We should be concerned, but not because of Hollywood. The monocultural mindset isn’t restricted to the entertainment industry, but extends to higher education and institutions in general, including the political sphere. The Republican party as a whole has long been accused of having a diversity problem, but it’s also true that none of the Democrats running for president this year—including dropouts Lincoln Chafee, Lawrence Lessig, Martin O’Malley, and Jim Webb--are marginalized people of color. “Both Clintons are white,” H.A. Goodman observes in the manner of declaring “The emperor has no clothes!” But, well, so is Bernie Sanders. (The debate over whether Jews are “white” mostly exposes the fact that whiteness is a cultural construct, which doesn’t mean it’s not real. “Food” is a cultural construct too, which is why Americans don’t consume roasted larvae, but other parts of the world do.)

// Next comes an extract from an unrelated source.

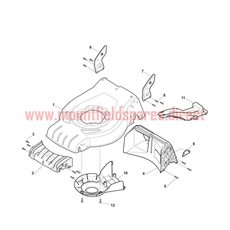 Front and Rear Conveyor Assy's spare parts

White institutionalism is everywhere, including in the liberal bastions of New York City. For Brooklyn magazine, Molly McArdle asked fifty New Yorkers in publishing for their thoughts on systemic racism of the book industry. “Publishing can’t afford to pay people enough to sustain themselves. We eat our young,” noted Kathryn Ratcliffe Lee, senior marketing associate at Harper Perennial. The senior editor at the New York Times Book Review, Parul Sehgal, shared stories of bullying: “I left a job because I had a boss talk me in a fake Indian accent as a joke. [At previous workplaces] I had a colleague call me uppity.” In advance of the Oscars, the New York Times asked Mindy Kaling, Ken Jeong, Jimmy Smits, and 24 others about the realities of working in Hollywood when one is a Not: not white, not male, not straight, not able bodied, not neuro-typical. These stars’ stories of discrimination will make steam come out of your ears. But given that the New York Times routinely gets called out for its own versions of #OscarsSoWhite, methinks the Grey Lady doth protest too much. Instead of criticizing Hollywood for its monocultural ways, that finger should be pointing at itself.

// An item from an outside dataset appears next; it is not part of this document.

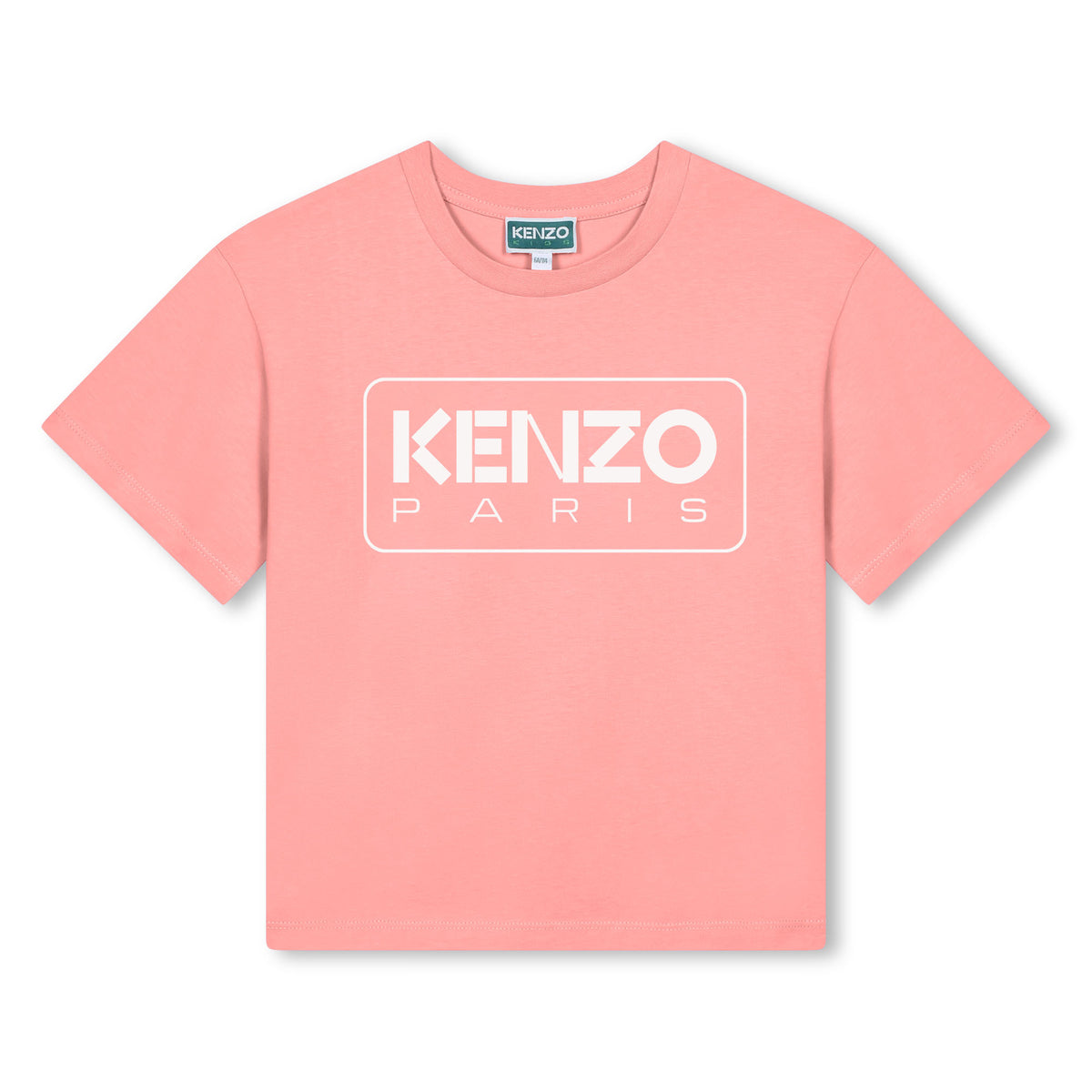 Kenzo T-Shirt Logo Block Pink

The New York Times has a diversity problem. NPR has a diversity problem. Children’s book publishing has a diversity problem. The arts in New York City have a diversity problem. Again and again, statistics have been trotted out, with the overall conclusion being that the entertainment and news industry remains overwhelmingly homogeneous despite all the public handwringing about it. “The film industry still functions as a straight, white, boy’s club,” concluded the first comprehensive Annenberg Report on Diversity in Entertainment, “in which girls and women make up less than one-third of all speaking characters, and comprise a small percentage of directors and writers of the major studio and art house releases of 2014.” The stats for the small screen weren’t much better. For example, the Annenberg report determined that more women and girls showed up on TV than in films, but they were also far more likely to have misplaced their clothing along the way.

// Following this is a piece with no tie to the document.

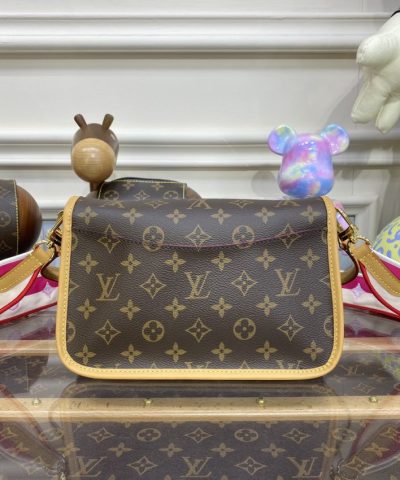 Fake Louis Vuitton Nano Diane Satchel Pink Strap - best quality fake designer bag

The call, now, is for “equity” in real-world opportunities for all forms of work (as distinct from “equality” of numbers) to steer away from solutions that amount to little more than window-dressing, which promotes the appearance of change even as impenetrable structural barriers remain in place. As Sasheer Zamata explained in Lenny:

"You are not diversifying your cast if the only people of color in your production are service workers or criminals. Unless the project is about service workers and criminals. And if that's the case, make sure the customers or victims aren't all white so it doesn't look like you're using race to make a good-versus-bad or rich-versus-poor comparison."

"Diversity" also rejects monocultures based on class, religious beliefs, and political views, among others factors. But why should Americans care? Won’t more declarations of guilt and flowery platitudes do? It’s because we now live in a mediatic world where “reality” is increasingly synonymous with what appears onscreen. (“It did happen. I saw it,” Trump said regarding a debunked claim about Muslims in New Jersey cheering when the Twin Towers fell. “It was on television. I saw it.”)  The news is entertainment, entertainment is news, and the satirical film, “Idiocracy” has morphed into a documentary.

These developments were totally predictable to anyone paying attention, Charles P. Pierce explains for Esquire. For thirty years, he points out, “the country was encouraged by politicians of both parties to look at the political process as a television show. And now we’re surprised that a guy who made his living at the latter has become successful at promoting the former?”

Reality TV has a diversity problem. So what are the implications, then, if Rolling Stone magazine’s Matt Taibbi is correct, and “the presidential election campaign is really just a badly acted, billion-dollar TV show?” In Taibbi’s estimation, Trump is winning because he cut his showbiz teeth on the fakery of professional wrestling, and not only likes fame, but craves it.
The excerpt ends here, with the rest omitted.